The rationale behind coining the term “RNAkine” lies in the shared biological roles with conventional secreted factors known for their significant signalling capabilities. As noted above, RNAkines are distinct in their selective production and secretion in response to specific stimuli. They are crucial in conveying information between cells and organs, initiating cellular responses in recipient cells, and impacting gene expression, cell growth, immune responses, and metabolism. The suffix “-kine”, originating from the Greek word for “movement” or “motion”, aptly reflects the ability of the ncRNA to act at a distance. Thus, “RNAkine” effectively leverages this suffix to denote this unique characteristic.
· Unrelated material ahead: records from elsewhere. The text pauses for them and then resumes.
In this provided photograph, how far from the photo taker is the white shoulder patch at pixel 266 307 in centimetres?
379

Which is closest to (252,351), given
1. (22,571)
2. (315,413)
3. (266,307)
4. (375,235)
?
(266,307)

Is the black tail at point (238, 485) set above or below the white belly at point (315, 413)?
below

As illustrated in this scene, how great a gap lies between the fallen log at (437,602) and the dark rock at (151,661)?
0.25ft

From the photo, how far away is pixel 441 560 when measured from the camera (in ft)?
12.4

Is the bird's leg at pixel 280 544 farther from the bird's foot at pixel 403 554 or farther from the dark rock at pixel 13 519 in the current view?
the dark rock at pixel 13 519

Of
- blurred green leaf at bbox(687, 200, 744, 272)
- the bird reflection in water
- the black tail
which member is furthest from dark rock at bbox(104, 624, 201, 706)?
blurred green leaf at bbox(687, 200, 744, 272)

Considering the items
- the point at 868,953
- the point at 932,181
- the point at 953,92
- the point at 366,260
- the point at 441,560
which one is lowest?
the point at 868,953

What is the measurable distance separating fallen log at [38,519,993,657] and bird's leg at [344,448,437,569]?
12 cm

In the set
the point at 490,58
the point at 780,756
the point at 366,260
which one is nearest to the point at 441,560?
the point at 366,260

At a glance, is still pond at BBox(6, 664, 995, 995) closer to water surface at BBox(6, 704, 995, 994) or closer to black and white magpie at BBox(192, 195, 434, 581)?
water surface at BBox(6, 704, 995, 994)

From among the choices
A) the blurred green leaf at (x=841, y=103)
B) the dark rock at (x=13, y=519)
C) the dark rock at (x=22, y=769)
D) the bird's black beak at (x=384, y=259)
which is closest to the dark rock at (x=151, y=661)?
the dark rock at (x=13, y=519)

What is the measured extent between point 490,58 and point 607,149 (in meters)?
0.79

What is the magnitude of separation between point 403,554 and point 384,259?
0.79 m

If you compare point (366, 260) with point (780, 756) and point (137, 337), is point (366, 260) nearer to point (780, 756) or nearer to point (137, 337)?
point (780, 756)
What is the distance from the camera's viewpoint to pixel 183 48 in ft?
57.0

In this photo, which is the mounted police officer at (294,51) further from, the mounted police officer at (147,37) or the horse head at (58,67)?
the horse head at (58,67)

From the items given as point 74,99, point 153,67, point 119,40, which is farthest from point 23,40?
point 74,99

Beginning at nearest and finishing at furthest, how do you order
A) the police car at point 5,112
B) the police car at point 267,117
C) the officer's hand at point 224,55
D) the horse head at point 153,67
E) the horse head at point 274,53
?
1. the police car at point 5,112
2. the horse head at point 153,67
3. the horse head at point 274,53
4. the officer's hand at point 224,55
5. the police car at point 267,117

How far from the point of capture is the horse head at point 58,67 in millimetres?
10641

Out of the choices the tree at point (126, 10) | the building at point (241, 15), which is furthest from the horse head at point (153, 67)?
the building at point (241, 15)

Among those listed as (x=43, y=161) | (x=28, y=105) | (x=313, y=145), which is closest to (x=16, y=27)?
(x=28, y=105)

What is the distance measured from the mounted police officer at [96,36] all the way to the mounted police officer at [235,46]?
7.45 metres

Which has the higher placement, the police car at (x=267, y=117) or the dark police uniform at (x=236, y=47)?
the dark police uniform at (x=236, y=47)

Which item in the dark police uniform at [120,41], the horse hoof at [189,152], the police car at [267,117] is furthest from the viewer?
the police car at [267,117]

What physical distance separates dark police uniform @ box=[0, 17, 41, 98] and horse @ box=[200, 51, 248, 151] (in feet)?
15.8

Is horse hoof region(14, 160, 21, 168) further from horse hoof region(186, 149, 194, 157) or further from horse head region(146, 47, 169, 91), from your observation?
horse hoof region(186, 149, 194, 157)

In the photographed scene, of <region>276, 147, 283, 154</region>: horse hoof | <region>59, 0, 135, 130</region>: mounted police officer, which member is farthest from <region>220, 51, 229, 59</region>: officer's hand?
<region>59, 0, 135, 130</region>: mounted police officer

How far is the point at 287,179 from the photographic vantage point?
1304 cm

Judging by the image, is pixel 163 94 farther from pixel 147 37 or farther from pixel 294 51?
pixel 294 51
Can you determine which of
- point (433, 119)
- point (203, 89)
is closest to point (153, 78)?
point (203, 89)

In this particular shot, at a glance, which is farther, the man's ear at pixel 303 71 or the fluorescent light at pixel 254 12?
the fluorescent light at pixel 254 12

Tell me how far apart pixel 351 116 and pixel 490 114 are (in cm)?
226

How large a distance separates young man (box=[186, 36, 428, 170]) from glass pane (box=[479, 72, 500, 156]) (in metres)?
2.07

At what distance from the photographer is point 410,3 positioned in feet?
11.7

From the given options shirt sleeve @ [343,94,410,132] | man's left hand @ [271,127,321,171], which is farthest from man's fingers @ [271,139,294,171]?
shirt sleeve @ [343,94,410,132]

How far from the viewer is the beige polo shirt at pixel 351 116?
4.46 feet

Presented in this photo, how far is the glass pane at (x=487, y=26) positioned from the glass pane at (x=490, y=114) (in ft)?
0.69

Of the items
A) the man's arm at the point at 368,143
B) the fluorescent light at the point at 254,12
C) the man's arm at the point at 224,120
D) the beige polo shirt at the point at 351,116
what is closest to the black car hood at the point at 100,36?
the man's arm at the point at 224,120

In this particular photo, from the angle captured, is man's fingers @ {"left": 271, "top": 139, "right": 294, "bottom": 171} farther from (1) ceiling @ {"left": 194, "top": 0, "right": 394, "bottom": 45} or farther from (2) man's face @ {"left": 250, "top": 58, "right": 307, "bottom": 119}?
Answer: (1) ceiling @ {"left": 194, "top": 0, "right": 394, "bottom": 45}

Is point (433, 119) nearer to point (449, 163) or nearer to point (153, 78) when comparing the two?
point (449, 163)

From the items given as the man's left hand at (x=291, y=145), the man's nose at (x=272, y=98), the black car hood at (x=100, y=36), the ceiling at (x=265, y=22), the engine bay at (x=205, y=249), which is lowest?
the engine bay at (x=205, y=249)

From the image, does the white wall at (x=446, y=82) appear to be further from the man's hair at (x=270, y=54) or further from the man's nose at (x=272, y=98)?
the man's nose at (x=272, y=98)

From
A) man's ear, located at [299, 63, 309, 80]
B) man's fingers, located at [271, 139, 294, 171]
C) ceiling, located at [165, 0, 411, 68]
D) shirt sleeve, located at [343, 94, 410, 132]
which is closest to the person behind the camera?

More importantly, the term “RNAkine” helps differentiate functional extracellular ncRNAs from conventional secreted factors in several ways. First, the fact that extracellular ncRNAs are nucleic acids represents a significant qualitative distinction from cytokines or hormones, justifying the need for specialised nomenclature. Second, “RNAkine” utilises an alternative method for transferring information. They can simultaneously target different components of biological networks, leading to coordinated and integrated responses similar to the robust synergy seen in hormonal secretory patterns within complex biological processes. Third, “RNAkine” emphasises their different but co-dependent roles with conventional secreted factors in contributing to specific physiological processes or diseases. Finally, the term “RNAkine” encompasses various types of RNA molecules, creating a self-contained category that distinguishes them from non-functional extracellular RNAs or intracellular RNAs. (Figure 3). Thus, “RNAkine” provides a concise, comprehensive and precise representation of this emerging class of extracellular ncRNAs. This nomenclature fosters consensus and holds the potential for widespread acceptance within the scientific and clinical communities. Consequently, it assists scientists and clinicians in effectively exploring and discussing the roles played by these recently identified secreted factors in various critical biological processes.
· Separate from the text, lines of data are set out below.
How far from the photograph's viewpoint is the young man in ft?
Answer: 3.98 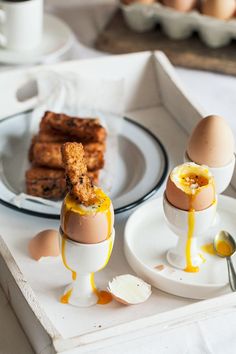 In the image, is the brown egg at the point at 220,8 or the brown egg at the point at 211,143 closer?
the brown egg at the point at 211,143

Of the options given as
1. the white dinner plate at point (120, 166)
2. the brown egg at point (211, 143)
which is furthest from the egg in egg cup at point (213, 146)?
the white dinner plate at point (120, 166)

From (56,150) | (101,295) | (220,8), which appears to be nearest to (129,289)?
(101,295)

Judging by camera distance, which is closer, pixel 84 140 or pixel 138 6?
pixel 84 140

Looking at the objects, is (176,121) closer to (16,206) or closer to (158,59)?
(158,59)

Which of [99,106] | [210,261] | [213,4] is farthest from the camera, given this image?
[213,4]

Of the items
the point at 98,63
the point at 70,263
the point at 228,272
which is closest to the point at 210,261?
the point at 228,272

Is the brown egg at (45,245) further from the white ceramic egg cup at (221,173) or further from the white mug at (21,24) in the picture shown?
the white mug at (21,24)

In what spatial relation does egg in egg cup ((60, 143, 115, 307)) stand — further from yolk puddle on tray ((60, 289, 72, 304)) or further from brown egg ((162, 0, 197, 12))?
brown egg ((162, 0, 197, 12))

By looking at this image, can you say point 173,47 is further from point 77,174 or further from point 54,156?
point 77,174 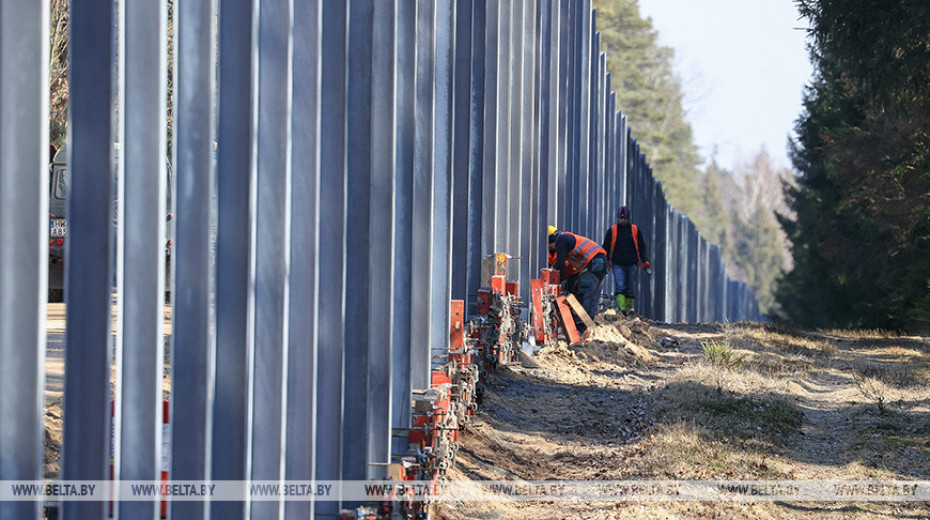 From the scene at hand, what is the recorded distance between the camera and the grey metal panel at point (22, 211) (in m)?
3.24

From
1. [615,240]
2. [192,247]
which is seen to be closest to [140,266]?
[192,247]

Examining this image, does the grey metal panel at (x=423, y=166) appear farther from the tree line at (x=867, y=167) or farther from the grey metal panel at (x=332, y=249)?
the tree line at (x=867, y=167)

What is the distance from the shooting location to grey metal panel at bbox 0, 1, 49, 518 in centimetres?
324

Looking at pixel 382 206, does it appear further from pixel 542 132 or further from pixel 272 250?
pixel 542 132

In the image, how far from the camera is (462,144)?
1038 centimetres

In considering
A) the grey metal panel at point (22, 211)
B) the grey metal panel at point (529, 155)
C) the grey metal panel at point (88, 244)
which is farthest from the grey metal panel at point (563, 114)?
the grey metal panel at point (22, 211)

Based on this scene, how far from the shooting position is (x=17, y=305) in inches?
129

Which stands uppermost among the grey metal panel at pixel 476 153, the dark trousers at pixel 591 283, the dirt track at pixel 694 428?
the grey metal panel at pixel 476 153

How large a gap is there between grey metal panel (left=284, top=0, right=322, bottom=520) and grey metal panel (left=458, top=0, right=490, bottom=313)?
5.69 m

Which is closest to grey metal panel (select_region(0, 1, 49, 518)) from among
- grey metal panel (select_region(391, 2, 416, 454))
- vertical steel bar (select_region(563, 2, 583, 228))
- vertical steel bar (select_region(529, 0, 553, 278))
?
grey metal panel (select_region(391, 2, 416, 454))

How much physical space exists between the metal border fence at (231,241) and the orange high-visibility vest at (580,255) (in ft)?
22.0

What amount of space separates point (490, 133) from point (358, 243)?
5.86m

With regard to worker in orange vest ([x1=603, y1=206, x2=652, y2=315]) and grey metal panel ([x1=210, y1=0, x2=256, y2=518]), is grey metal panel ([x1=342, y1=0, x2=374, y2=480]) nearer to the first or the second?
grey metal panel ([x1=210, y1=0, x2=256, y2=518])

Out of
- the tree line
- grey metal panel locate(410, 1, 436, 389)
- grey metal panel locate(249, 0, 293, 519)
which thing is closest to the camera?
grey metal panel locate(249, 0, 293, 519)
Figure 3. Classifications of secreted factors.

In addition to conventional secreted factors, cells also secrete ncRNA molecules (RNAkines). The molecular types of secreted factors are presented in bold, and representative examples or subfamilies, such as chemokines, are listed. This figure provides an overview of the diverse types of secreted factors contributing to intercellular signalling. This figure was created using BioRender (https://biorender.com/)

Concluding Remarks and Future Perspectives

In summary, exploring RNAkines has unveiled their previously unrecognised roles in various biological processes, from metabolic homeostasis, exercise-mediated benefits, insulin resistance, and tumorigenesis. These discoveries highlight the potential of RNAkines as promising therapeutic targets for many diseases due to their substantial involvement in these critical biological pathways.

Despite substantial progress in comprehending RNAkines, numerous challenges and avenues for future research remain (see Outstanding Questions). It is imperative to pinpoint organ- and cell-specific RNAkines and unravel the intricate mechanisms governing their selective packaging, secretion and functional roles. While evidence suggests that the uptake of RNAkines by recipient organs or cells is a selective process, the mechanisms underpinning this phenomenon, particularly in cases where miRNAs function endocrinologically, remain predominantly uncharted. Consequently, we eagerly await further studies and well-designed investigations to illuminate the aetiopathogenic mechanism mediated by RNAkines. The field of RNAkine research harbours immense potential for advancing our comprehension of intercellular communication and its repercussions on various physiological and pathological processes.